With your charge card number and its expiration date, anyone could charge items to the card. Worse yet, with your name and social security number, a person could actually impersonate you! A friend of ours once lost his wallet. He took all of the steps he believed were necessary to protect himself—he notified his charge card companies, replaced his automatic bank teller card, and got a new driver’s license. He felt pretty safe after taking these actions and believed that would be the end of any problems caused by the loss of his wallet.
He was wrong. About a month later, charge card bills began to arrive. But they were not charge cards with numbers he recognized. In fact, they were not even charge cards for companies with which he did business. Someone had stolen his identity. They had obtained a counterfeit driver’s license with their picture on it but with our friend’s name and address. The thief began to open charge accounts all over town using our friend’s information. And, of course, merchandise was charged on all of these accounts. Thus began a nightmare that was to last for several months. As quickly as our friend learned of accounts that had been opened in his name, notified those companies about the fraud, and closed the accounts, more accounts were opened and more merchandise was charged. Eventually, our friend did manage to stop new accounts from being opened, and he straightened out the mess caused by the theft of his identity. But his credit history remained damaged long after the initial loss of his wallet occurred.
How anxious are you to have personal information made available to someone whom you don’t know?

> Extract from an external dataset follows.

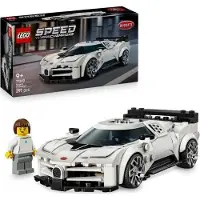 LEGO Speed Champions Bugatti Centodieci Hypercar, 291 Teile, Minifigur, Rennwagen Spielzeug für Kinder ab 9 Jahren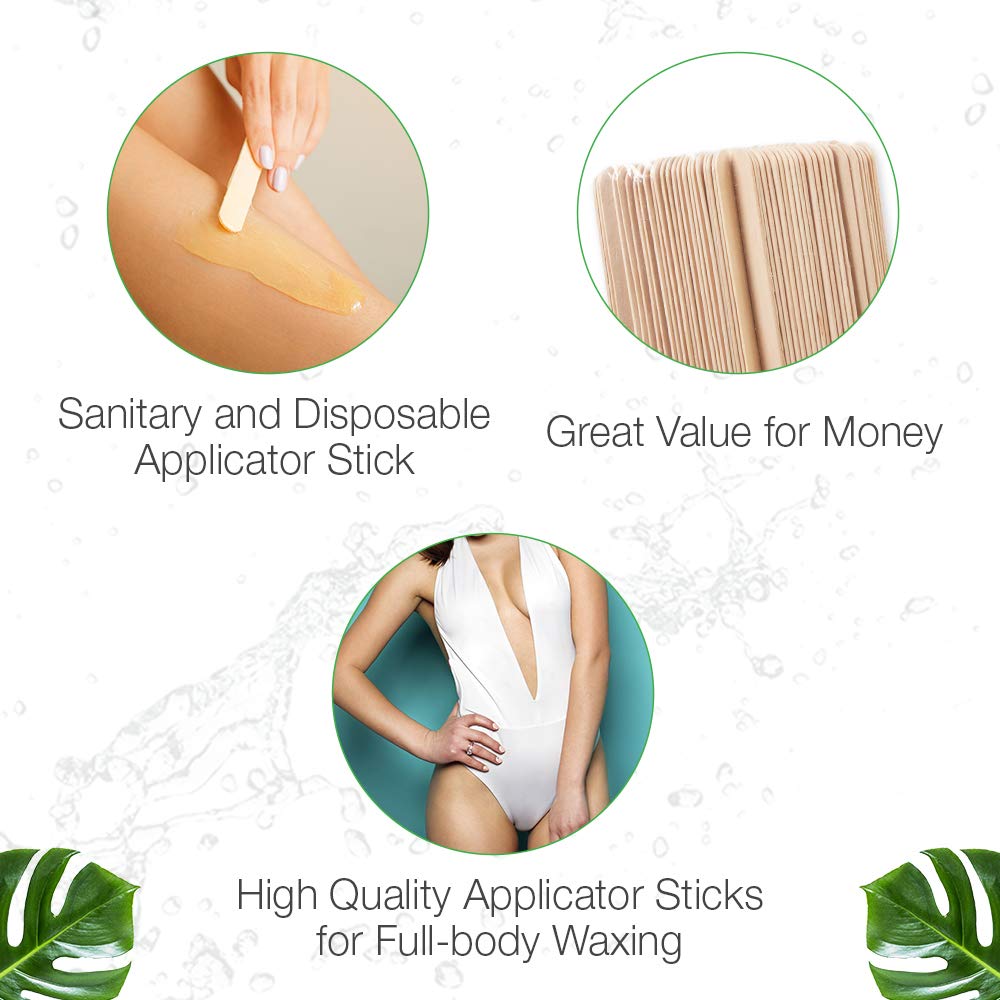 Clean Easy Wooden Wax Sticks Large Disposable Spatula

From a corporate perspective, your company’s identity might not be easily stolen and used, but company-private data obtained from your database might provide a corporate thief with enough information to underbid your company on a lucrative job. It could even give him enough information to be able to transfer assets outside your organization. Browsing your database could give an intruder information about your employees’ salaries (he might then try to hire them away from you), or information about their personal or medical histories (blackmail might even be a possibility). And if an intruder can read your data, he might also be able to change it, which could throw your systems and database into disarray and damage your corporate reputation.
How can you keep such threats from turning into realities? The first thing you need to do is to understand how your systems and databases actually work, and how you can develop policies and apply tools that will protect these valuable assets.